START Input data

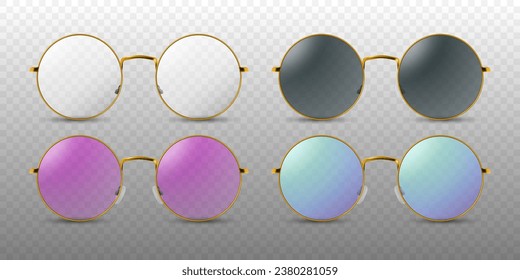 Vector Realistic Colorless, Black, Pink and Purple Round Frame Glasses Frame Set Closeup Isolated. Transparent Sunglasses for Women and Men. Optics, Lens, Vintage, Trendy Glasses. Front View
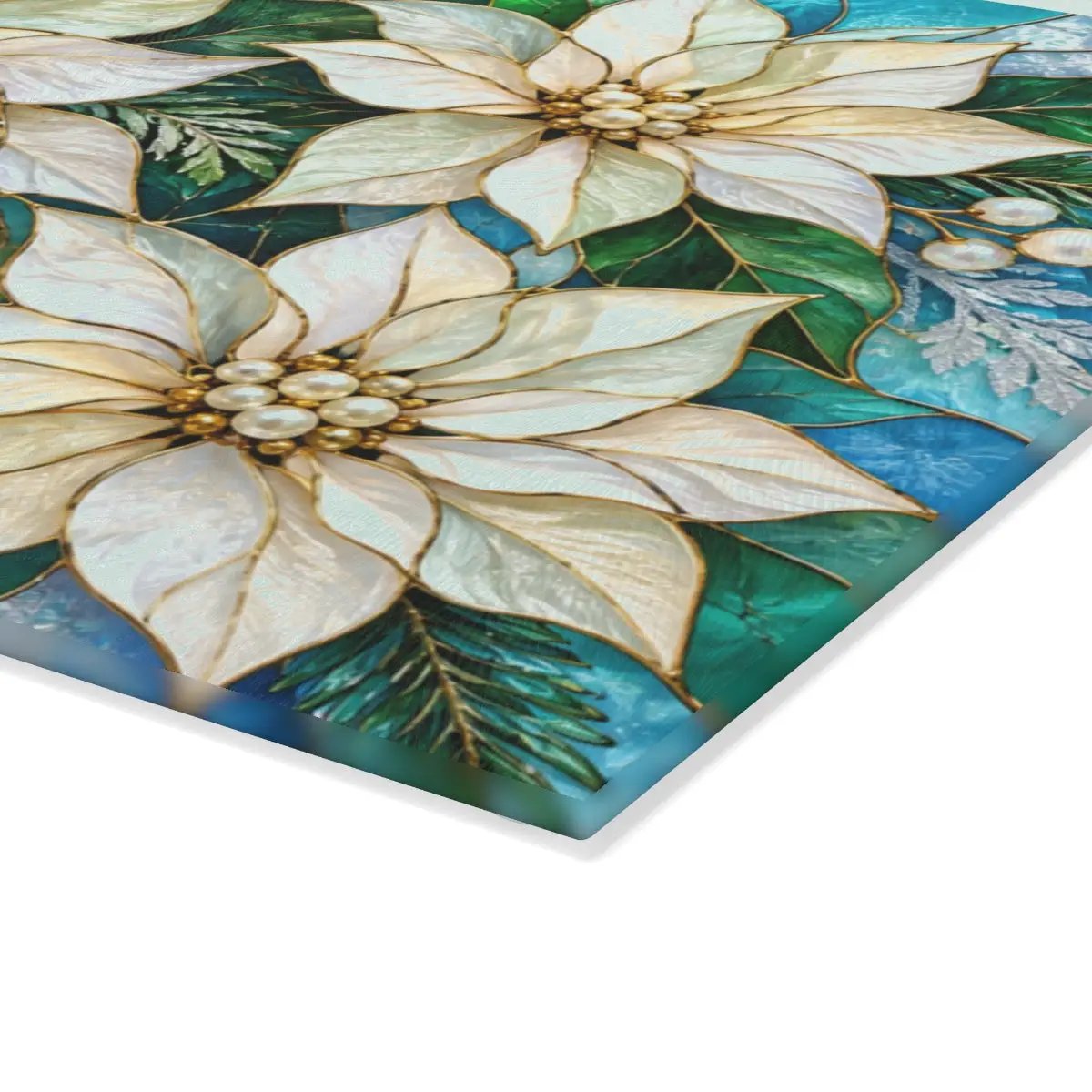 Winter Poinsettia Glass Cutting Board, Holiday Kitchen Decor, Floral Serving Board, Christmas Hostess Gift, Seasonal Home Accent Gift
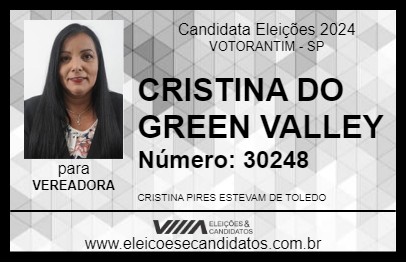 Candidato CRISTINA DO GREEN VALLEY 2024 - VOTORANTIM - Eleições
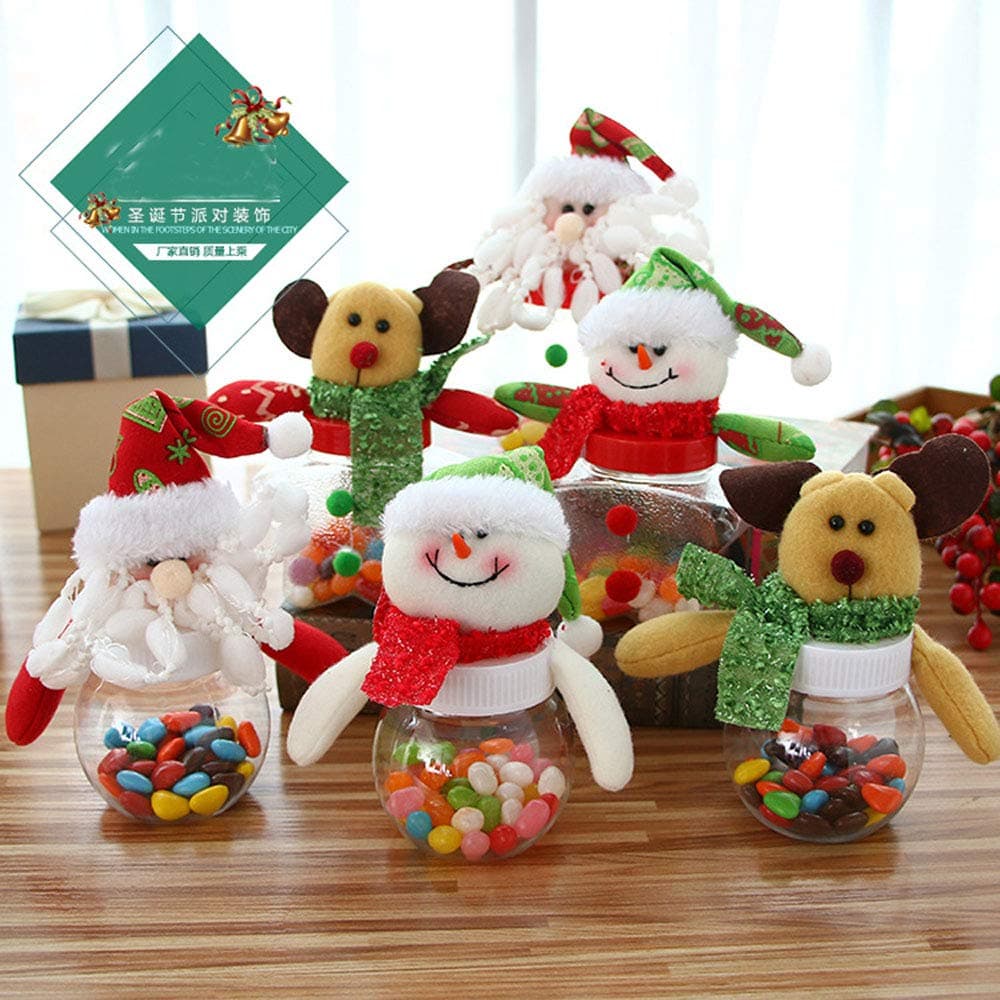 3Pcs Christmas Candy Jar Christmas Decorations Assorted Jars Candy jar Santa Claus Snowman Elk Deer Candy Packaging…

END Input data

What you have to do: Pictures stay out. Print the data exactly, from its first line through the line containing "Candidato CRISTINA DO".

Response:
 Vector Realistic Colorless, Black, Pink and Purple Round Frame Glasses Frame Set Closeup Isolated. Transparent Sunglasses for Women and Men. Optics, Lens, Vintage, Trendy Glasses. Front View
 Winter Poinsettia Glass Cutting Board, Holiday Kitchen Decor, Floral Serving Board, Christmas Hostess Gift, Seasonal Home Accent Gift
 Candidato CRISTINA DO GREEN VALLEY 2024 - VOTORANTIM - Eleições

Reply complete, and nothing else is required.